**EXERCISE OBJECTIVE**
Print the full listing once more, exactly as given.

**RECORDED DATA**
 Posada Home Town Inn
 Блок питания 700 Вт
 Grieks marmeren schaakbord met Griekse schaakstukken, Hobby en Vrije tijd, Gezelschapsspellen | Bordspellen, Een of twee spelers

**TASK RESULT**
 Posada Home Town Inn
 Блок питания 700 Вт
 Grieks marmeren schaakbord met Griekse schaakstukken, Hobby en Vrije tijd, Gezelschapsspellen | Bordspellen, Een of twee spelers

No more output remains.